Per fare questo Blocken lavora con i modelli 3D degli atleti, ottenuti con scansioni sull’uomo e stampante 3D. Esiste un manichino simile in tutto e per tutto a Thibaut Pinot sin nelle sembianze del volto, che viene sistemato sulla bici col misuratore laser per lunghe sessioni di prove in galleria del vento. Le ricerche sono spinte all’estremo comunque, visto il gran numero di variabili in gioco: i margini per miglioramenti sono ampli e gli anni a venire registreranno sempre progressi.
Alla ricerca di un certo appeal
Si sa, il Tour è una vetrina gigantesca e quest’anno assistiamo ad un gran numero di restyling. Molti team hanno adottato nuove maglie pensate ad hoc con le colorazioni più fantasiose. Anche molte bici hanno cercato le verniciature più spettacolari e personalizzate. Una battaglia di marketing che in tanti casi oltrepassa i limiti. Queste battaglie di percezione confondono le acque. Creano modelli fittizi che non hanno alcun contenuto tecnico e sono alla ricerca di “valori aggiunti” per il mercato.
Le verniciature Lapierre sono sempre state molto accattivanti rendendo i modelli di questo marchio tra i più charmant del gruppo. Ma nella costante ricerca di un appeal forse si è andati oltre.
All’inizio di questo Tour è stata presentata la Xelius SL 10.0 Symbiosis Edition, la versione che i corridori devono usare in corsa. Commissionata ad un collettivo di artisti francesi - Obvious - che cerca nuove forme di espressività artistica attraverso l’uso dell’intelligenza artificiale. L’opera intende affrontare il tema del movimento simbiotico tra meccanica e biomeccanica, tra uomo e macchina. Il movimento è rappresentato attraverso cerchi concentrici. L’uso del colore concettuale e simbolico: il rosa rappresenterebbe l’umanità e il blu la meccanica.
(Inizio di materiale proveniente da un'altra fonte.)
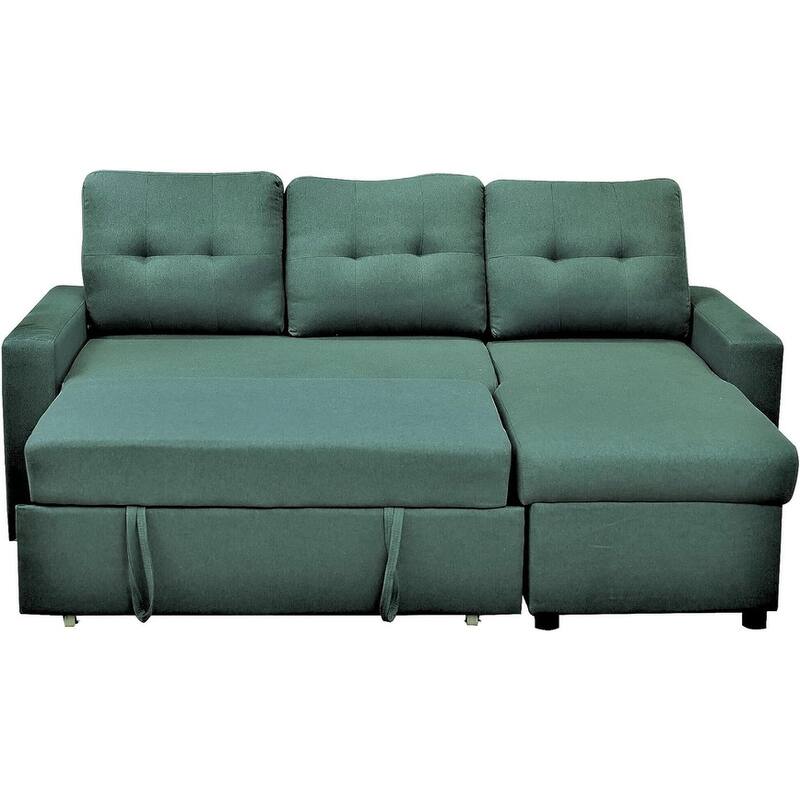 Convertible L-Shaped Sectional Sleeper Sofa Bed Stylish Apartment Furniture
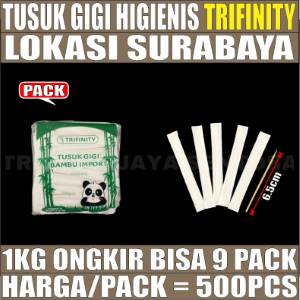 Tusuk Gigi Bambu Higienis Pack 500pcs Trifinity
Non è dato sapere se si tratti di un’opera destinata a rimanere negli annali. Certo il concetto di intelligenza artificiale accostato all’arte è molto stridente e viene la voglia di esprimere forte dissenso verso gli algoritmi salvifici.
La curiosità è che nel gruppo di questo Tour si aggira anche Mondrian, un artista la cui intelligenza è tutt’altro che artificiale. Si può trovare una nota di colore tra le pieghe della corsa e fare un confronto tra le opere in cammino verso Parigi.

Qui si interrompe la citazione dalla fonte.